Data: 07/01/2015 19:00:00 - Autore: Avv. Francesco Pandolfi
Avv. Francesco Pandolfi      cassazionista

Come si sa, lo shock anafilattico è una sindrome clinica, possiamo tranquillamente dire "di tipo grave", che può esordire nel momento in cui una persona, sensibilizzata verso uno specifico allergene, vi viene a contatto.

Per i casi in cui si ha tale incresciosa situazione, saper cogliere i sintomi può equivalere a salvare vite umane: solo così è possibile impedire l'avvio di una serie di eventi emodinamici letali.

Per esempio, può essere percepibile un calo pressorio, oppure pallore, orticaria, abbassamento della voce, disturbi diffusi, paura, broncospasmi, reazioni cutanee, cianosi, collasso.

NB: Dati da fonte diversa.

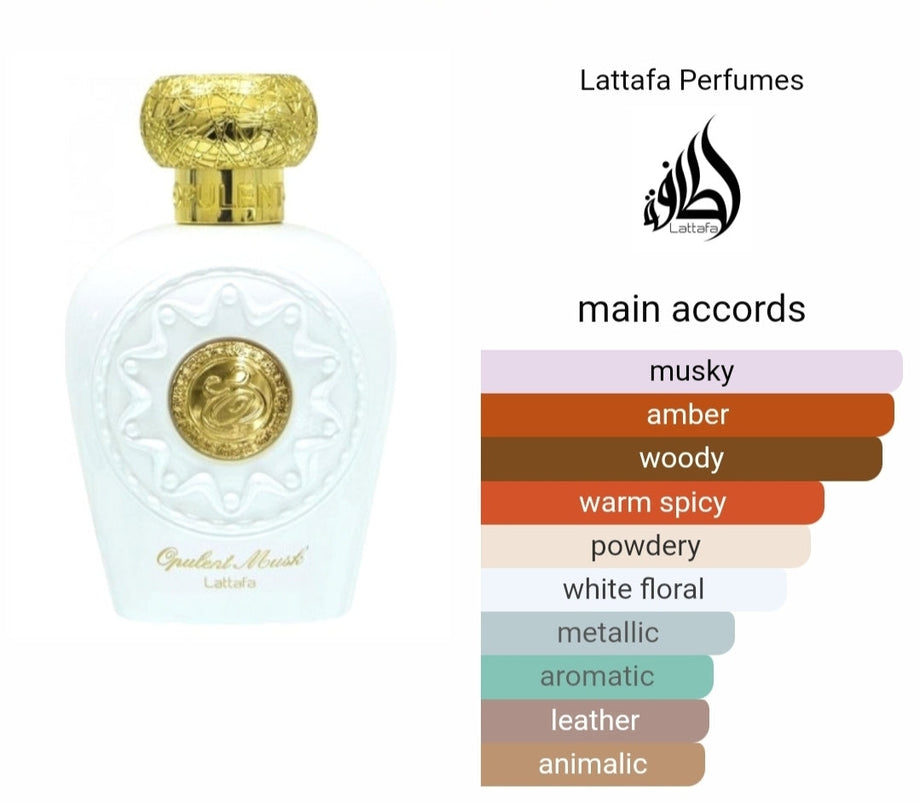 Opulent Musk Lattafa Perfumes EDP 100ml Dubai perfumes SA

In Italia, tanti Presidi medico ospedalieri diffondono con la dovuta attenzione le informazioni di base sul che cosa è lo shock anafilattico, le cause che lo scatenano e soprattutto le problematiche conseguenze: purtuttavia, i casi di mal governo del pericoloso fenomeno medico si verificano con una certa cadenza temporale e si traducono sfortunatamente anche in decessi.

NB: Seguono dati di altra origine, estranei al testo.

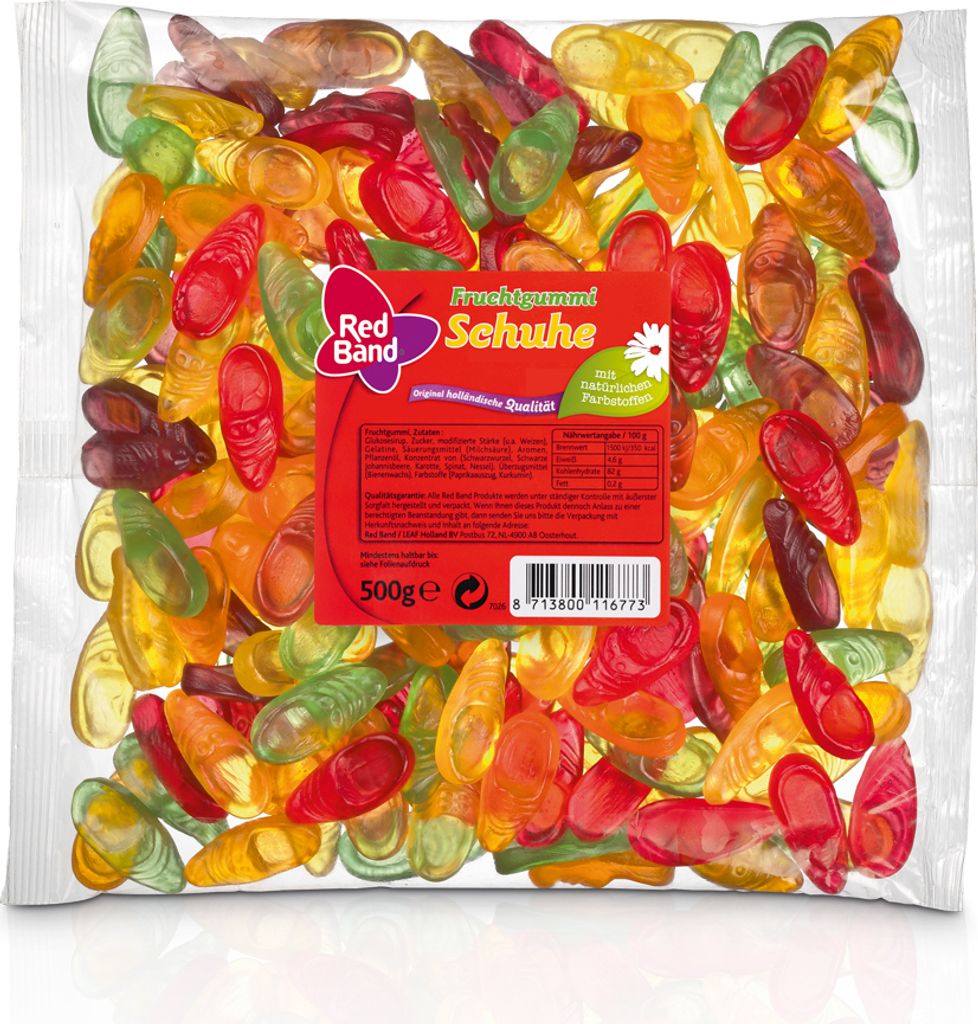 Red Band ovocné žvýkačky ovocné sladké 5 různých 500g Obrázek produktu 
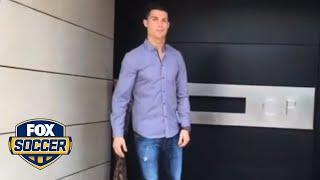 Ronaldo takes fans on a tour of his house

Per esempio, di recente, dello shock anafilattico ha avuto modo di occuparsi la Corte di Cassazione.

Con la sentenza n. 34239 del 04 agosto 2014, la Sezione 4 penale ha trattato tale fattispecie in correlazione a profili di colpa medica, affermando che si ravvisa la colpa in capo al medico che abbia omesso di richiedere espressamente al paziente, nonostante il silenzio della cartella clinica, la sussistenza di allergie a uno specifico farmaco che egli intenda somministrargli. 

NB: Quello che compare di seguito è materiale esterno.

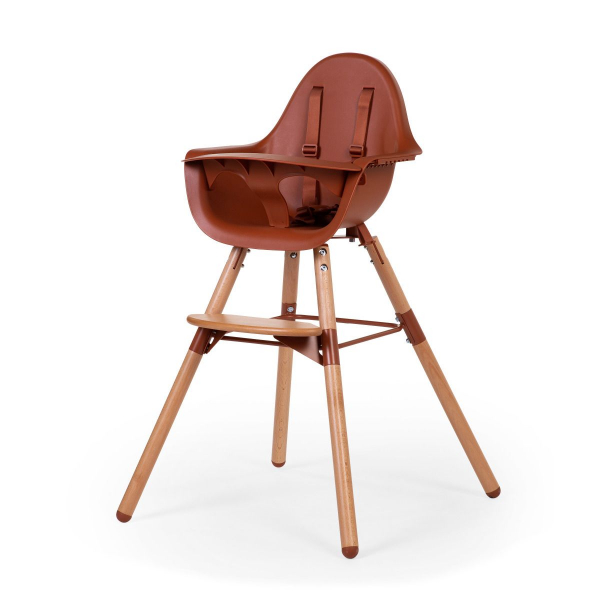 Childhome Evolu 2 High Chair - Natural/Rust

In altri termini, è stato affermato il condivisibile principio che il sanitario non può fare affidamento sull'anamnesi compiuta dal medico del pronto soccorso, al momento precedente del ricovero. 

Infatti, stando ai più noti canoni dell'esperienza medico scientifica, la presenza di allergie ai farmaci è un dato fondamentale per qualunque medico, che può essere diverso dal collega che ha raccolto l'anamnesi: in forza di tale assunto, colui che intende somministrare un farmaco non può omettere di chiedere al paziente se sia allergico a tale farmaco. 

Nel caso concreto la Corte, nell'annullare la sentenza di condanna per il reato di omicidio colposo perché estinto per prescrizione, ha rigettato il ricorso ai fini civili, ravvisando la colpa nella condotta del medico il quale, somministrando al paziente un farmaco cui era allergico, ne aveva provocato la morte a seguito di shock anafilattico, non potendosi sostenere l'affidamento incolpevole al comportamento dei medici che in precedenza avevano effettuato l'anamnesi e redatto la cartella clinica non menzionando l'affezione allergica.

In buona sostanza: ci si aspetta dal sanitario un'attenzione e un rigore medico scientifico di spessore tale da essere qualificabile come "grandemente efficace" se tradotto in una qualsiasi contromisura adatta ad evitare i sempre possibili imprevisti sulla salute umana.